A: Yes, throughout. I last spoke to him two days prior to his death. He had not been well for a long time, but he never complained about pain, about the heat. It couldn’t have been easy to be living in the mountains at the age of 80 in his condition — he could barely walk — but his foremost concern was for my health. I have not been well and that’s what he kept enquiring after.
Q: Did he believe he would achieve anything concrete by continuing the battle?
A: He would keep saying “We just want our rights. I’m not asking for any privileges for myself.” If he wanted those, he would [have allied] with Ayub Khan. Instead, he struggled all those years. Some people said, “Oh, he became chief minister, what did he do?” What is a chief minister? Everything is controlled from Islamabad. What is the status of Jam Saab of Lasbela? As chief minister of Balochistan he has the status of a clerk, a munshi. He runs to Islamabad every month to get the salaries for his employees in the secretariat. So he’s given a cheque for the month’s salaries and sent home. The next month he’s back, palms outstretched again.
The government talks about billions being spent on projects in Balochistan. What projects? Putting up cantonments in Sui or Kohlu? They may be spending billions on those, but are they projects that will help develop Balochistan? As for the coastal highway — who is going to ply that highway? The Baloch, on their camels or donkeys? What good will the highway do them? It is for the exploiting classes of Pakistan. Struggle is the only way.
Q: Did you father have any premonition about what would happen to him?
A: Yes, he did. He expected this to happen to him. After the 17th of March last year when they attacked our house in Dera Bugti — I was right next to him and we got a direct hit; 62 people were killed that day — he knew it was only a question of time before they got to him. He knew they [the army] are gung ho and nobody can say anything to them. Besides Musharraf had said, “I’ll sort him out.” So with that kind of attitude, what happened to my father was almost inevitable.
Q: Do you believe Balochistan should remain part of the federation of Pakistan?
A: This is one question I always asked my father. Actually I asked why he voted for Pakistan in 1947. He said he didn’t have a choice. He was given only two choices by the British: join India or join Pakistan. He didn’t even have the option to join the Baloch State of Kalat which was an independent state at that time. And today hundreds of thousands of young boys ask their elders the same question. There is a huge amount of alienation and hatred for even the name of Pakistan among every ‘ghairatmand’ (honourable) Baloch. Whether he can do anything about it or not is not the point. I’m sure today the majority of people of Balochistan, if given a choice and providing they did not have the fear of having their homes bombed or their livestock and camels confiscated, would opt for an independent Balochistan.

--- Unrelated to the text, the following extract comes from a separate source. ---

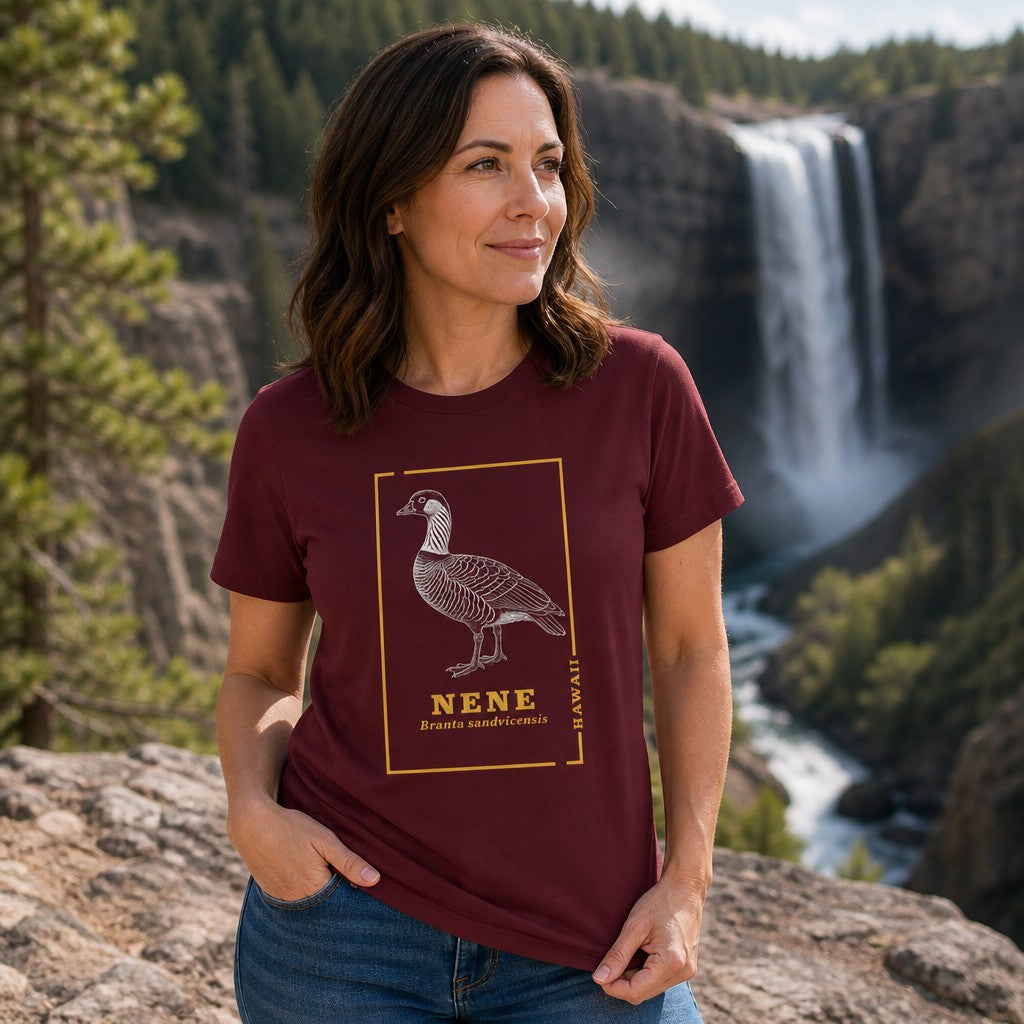 Woman in maroon t-shirt featuring a line art design of the Hawaiian nene goose with scientific name, standing by a waterfall in a pine forest, perfect for birdwatchers and nature lovers, by Crossroads Dandelion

Q: How organised and effective an outfit is the Baloch Liberation Army (BLA)?
A:I don’t know. I’m sure it exists, but I’m not sure in what form. The thing is, all those people who are resisting army occupation are either branded BLA or terrorists. I believe they are freedom fighters.
Q: Do you see the triumvirate of Bugti, Marri and Mengal lasting in the wake of your father’s death? There have, of course, been well known differences in the past…
A: Now there are many more who have joined them. Several small nationalist parties have also come together with them. Now more than ever before there is a realisation that they all have to put their heads together and fight for their rights. The fact that earlier they were so divided has been exploited very cleverly by the federal government and by successive dictators at the helm.